Data extracted from a collection:

>>>

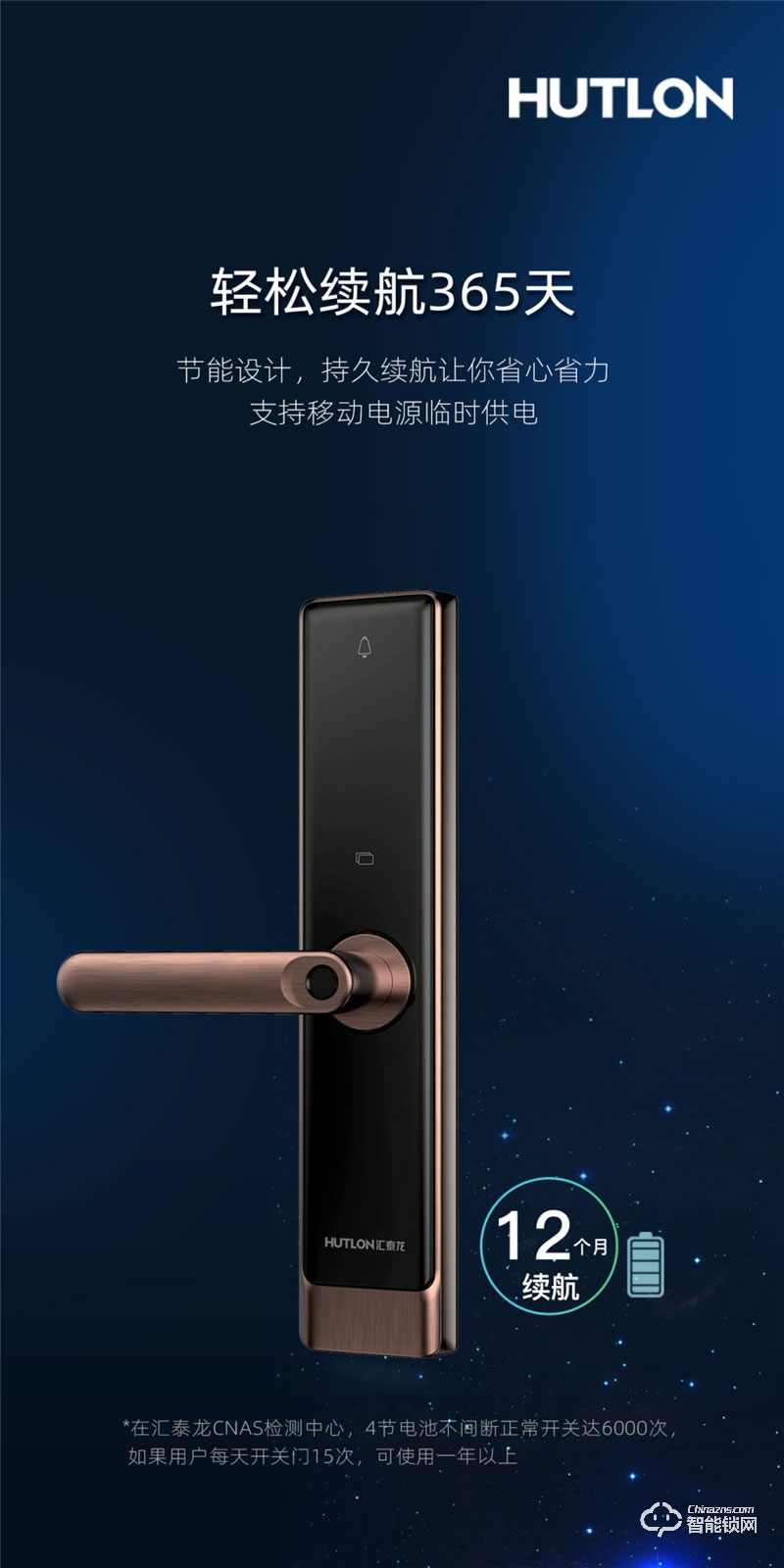 匯泰龍智能鎖 A6家用防盜門密碼電子門鎖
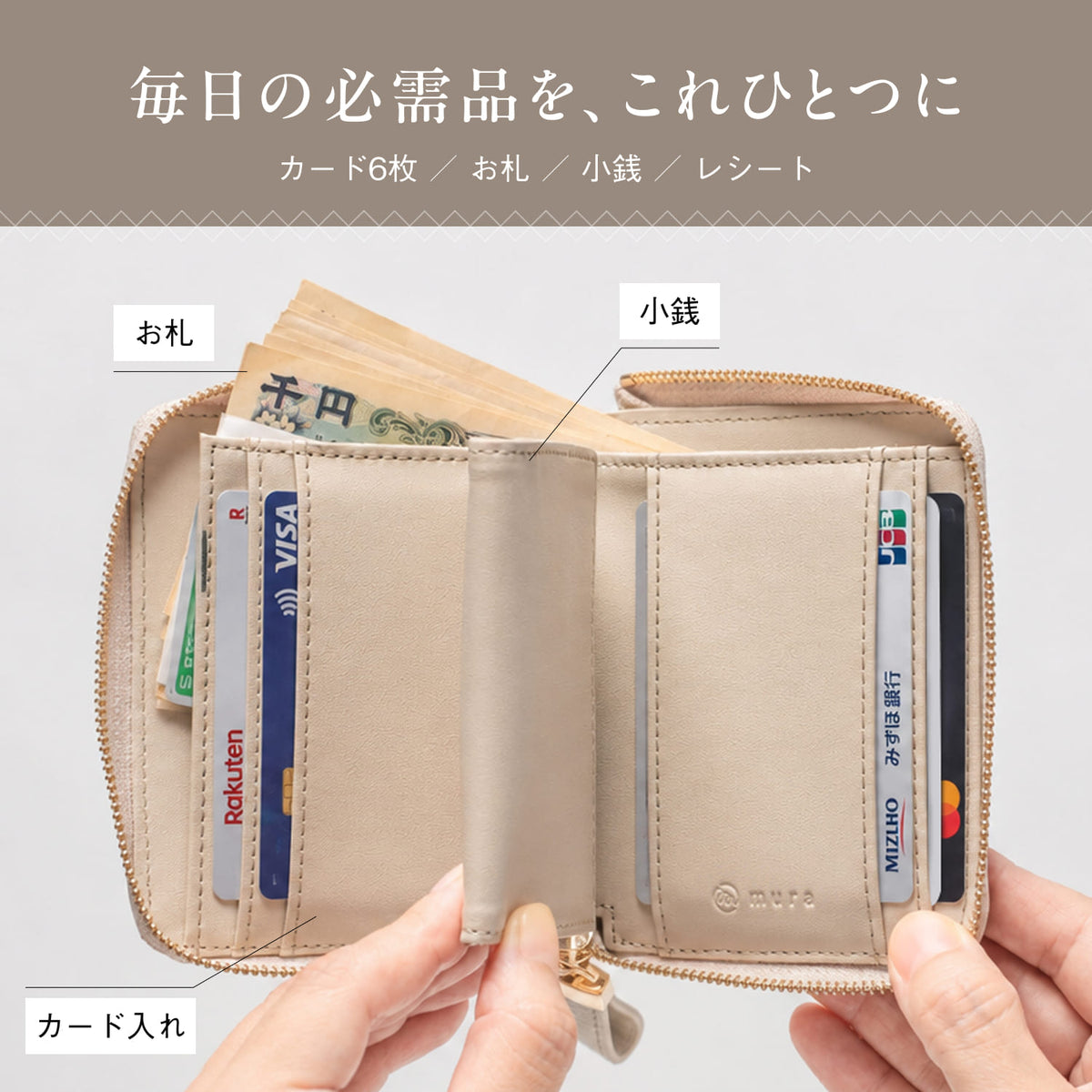 牛革 キルティング スキミング防止コンパクトミニ財布
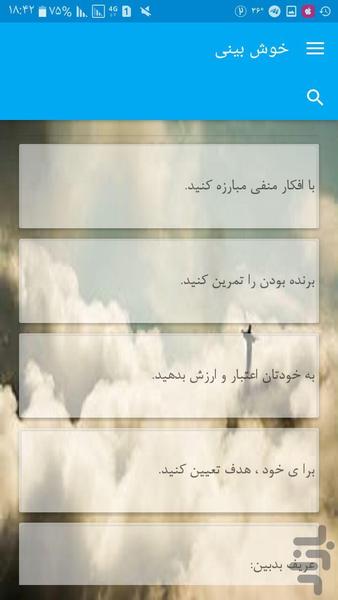 خوش بینی - Image screenshot of android app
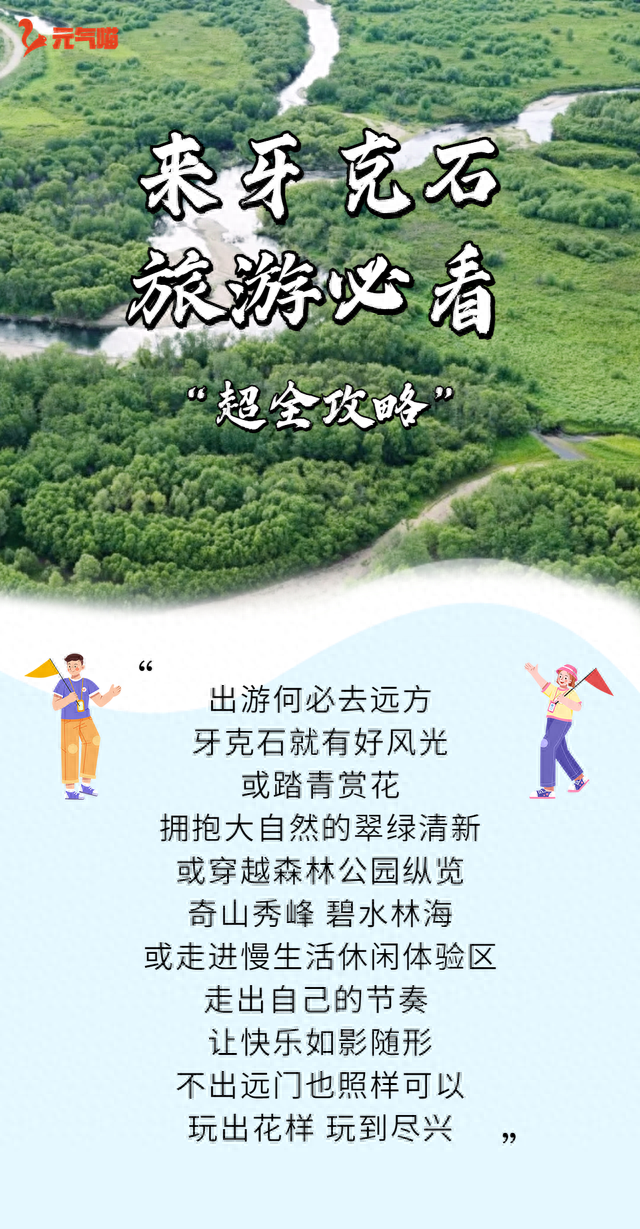 来牙克石必看的超全攻略！收藏！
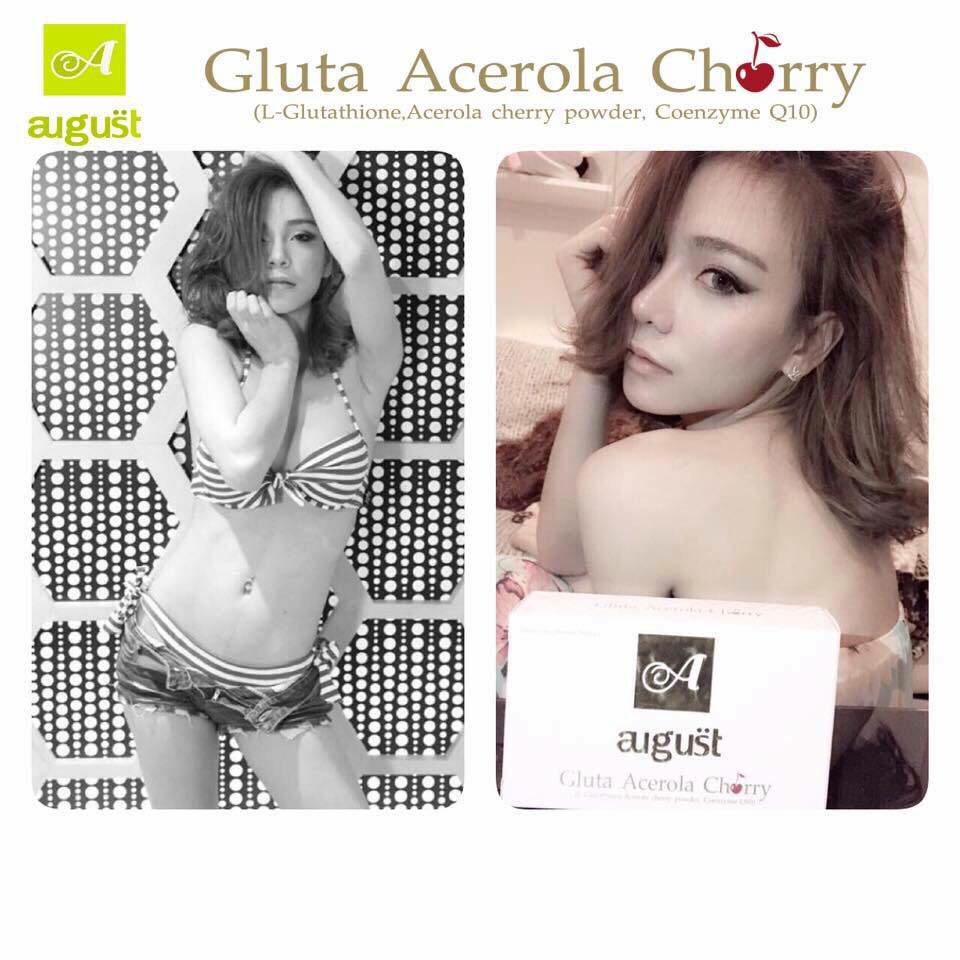 กลูต้าออกัส (Gluta August Acerola Cherry)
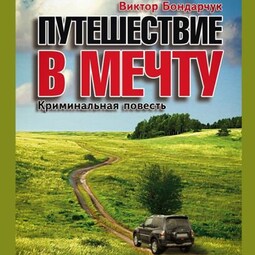 Путешествие в мечту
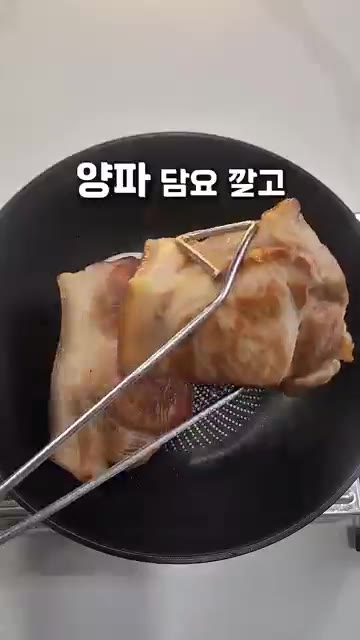 구워진 고기에서 나온 기름을 살짝 닦아낸다. — 족발인가 수육인가? 간장 수육 레시피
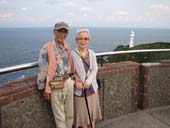 �N���b�N����Ƒ傫���Ȃ�܂�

<<<

**Required action:** Every line between the one containing "กลูต้าออกัส (Gluta August Acerola Cherry)" and the last line of the data above, both included, should be copied exactly, but not the pictures.

**Answer space:**
 กลูต้าออกัส (Gluta August Acerola Cherry)
 Путешествие в мечту
 구워진 고기에서 나온 기름을 살짝 닦아낸다. — 족발인가 수육인가? 간장 수육 레시피
 �N���b�N����Ƒ傫���Ȃ�܂�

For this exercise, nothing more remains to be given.